El aullido es siempre el mismo, de Troya a la batalla del Ebro. También, seguramente, el horror de los testigos que no entienden.
Entre la España de Francisco de Goya (Zaragoza, 1746 – Burdeos, 1828) y el Irán, el mundo ya globalizado que vio Farideh Lashai (Rasht, 1944 – Teherán, 2013), median dos siglos. Les hermana sin embargo una muerte paralela justo a las puertas de un siglo prometiendo sangre –como todos los siglos–. Uno fue pintor de cámara, primero, y luego de guerra; la otra, pintora y también poeta en su juventud, está considerada una de las creadoras más importantes de Oriente Medio (donde presenció, entre otras cosas, la revolución de Jomeini -1979- y la guerra entre su país e Irak –1980-88–; donde conoció la cárcel, el ostracismo y el exilio). Les emparenta a ambos, a través del río de sangre de los siglos, una obsesión equiparable por el sufrimiento humano, por la capacidad de sufrir y de hacer sufrir del aparato humano.

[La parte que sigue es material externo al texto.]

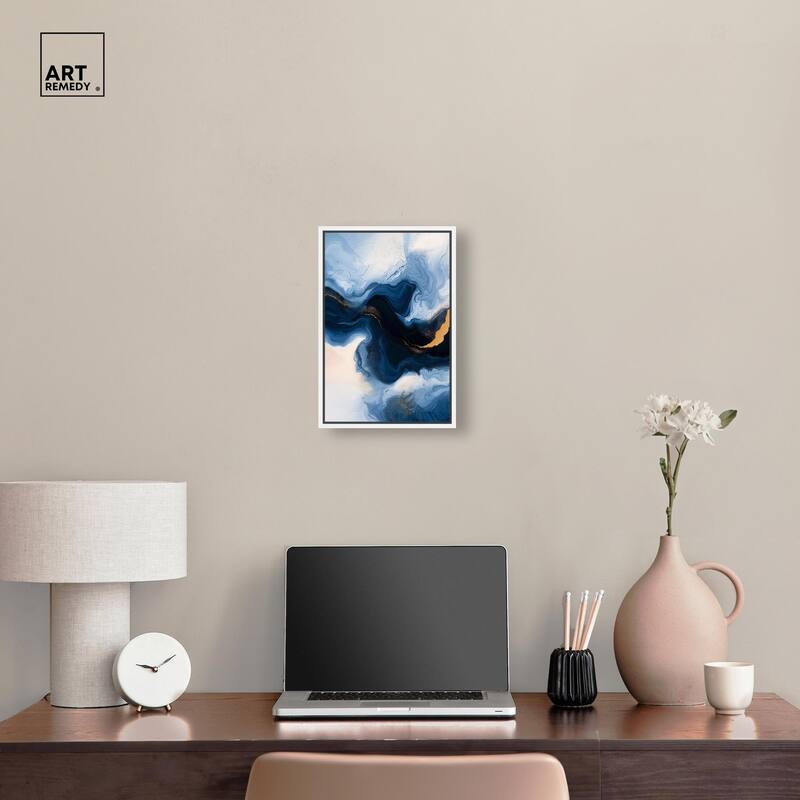 Blue Deep II Canvas by Art Remedy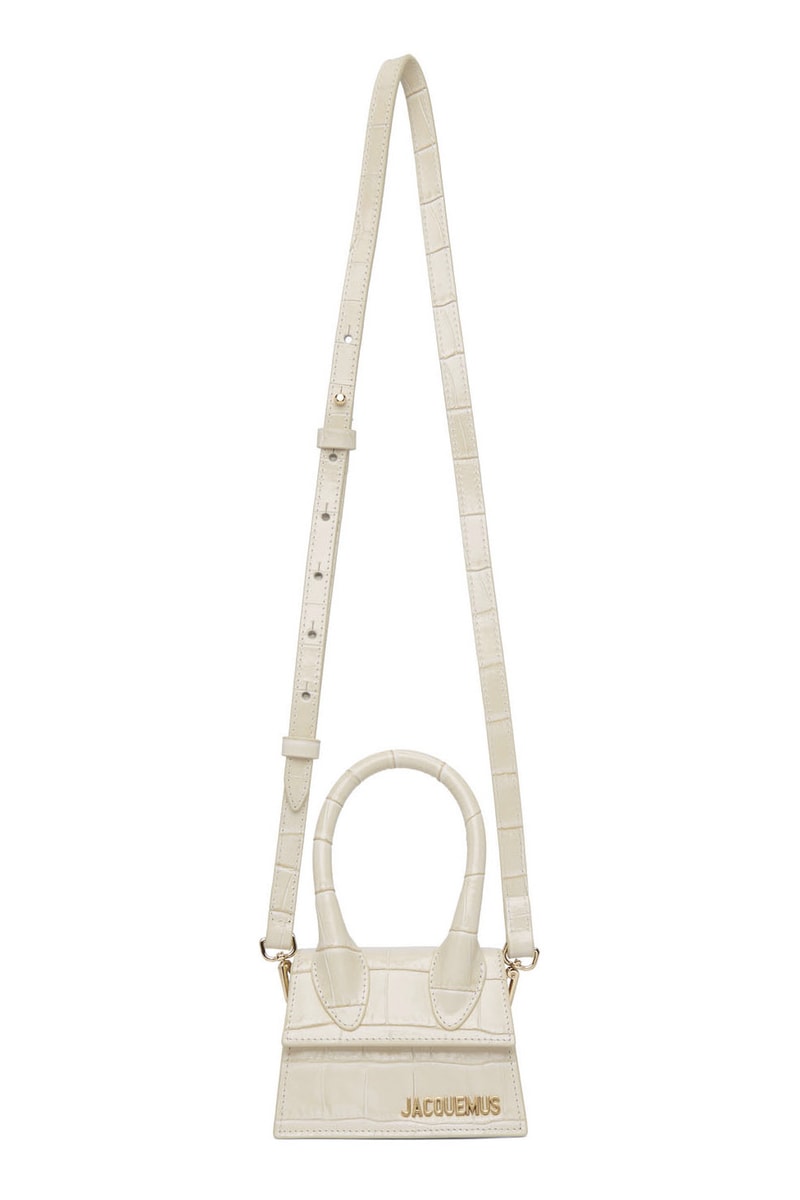 Jacquemus Le Chiquito Tiny Bag Summer Release Crocodile Croc Embossed Accessory Purse Clutch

Tras su muerte, puede que Lashai dialogue ya, cara a cara, con su maestro Goya, al otro lado de la laguna Estigia que vislumbró Patinir. Por eso cobra mayor sentido que sea ahora cuando el Museo del Prado recoja su instalación, su diálogo imposible, en esta orilla, con el aragonés (la muerte siempre sella y da sentido a lo disperso).

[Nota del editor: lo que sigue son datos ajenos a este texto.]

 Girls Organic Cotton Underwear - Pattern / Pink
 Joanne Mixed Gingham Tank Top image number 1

Procedente del British Museum y como participación del Prado en la presente edición de PhotoEspaña, se trata de un trabajo extraño, hipnótico, ubicado justo antes de llegar a las pinturas negras (en la sala 66), bajo un título igualmente extraño (fuera de su contexto natural) procedente de T. S. Eliot: “Cuando cuento estás sólo tú... pero cuando miro solo hay una sombra”. La artista iraní vació, por medio de escáner, las figuras de los grabados de Los desastres de la guerra, reelaborándolas y añadiendo imágenes previamente animadas por un foco de luz que va moviéndose de una a otra estampa, lentamente al subir, más violentamente al descender, llevando al espectador en una duermevela que acompaña Chopin, desde los altavoces, en un artificio de luces y sombras. Lashai articula con sencillez un relato fragmentario, en una muestra de cómo con los recursos más elementales puede levantarse una perspectiva nueva de un paisaje sobradamente conocido. Es un trabajo humilde, postrero, arrodillado casi; y quizá por eso tenga alma: glosar a un maestro, apostrofar, digamos, la obra de un gigante de cualquier disciplina artística, sólo puede hacerse con la lucidez y la humildad de quien apenas se sabe en disposición de abrir o cerrar un telón por el que actúe con otros coturnos (otras luces) el protagonista verdadero de la obra.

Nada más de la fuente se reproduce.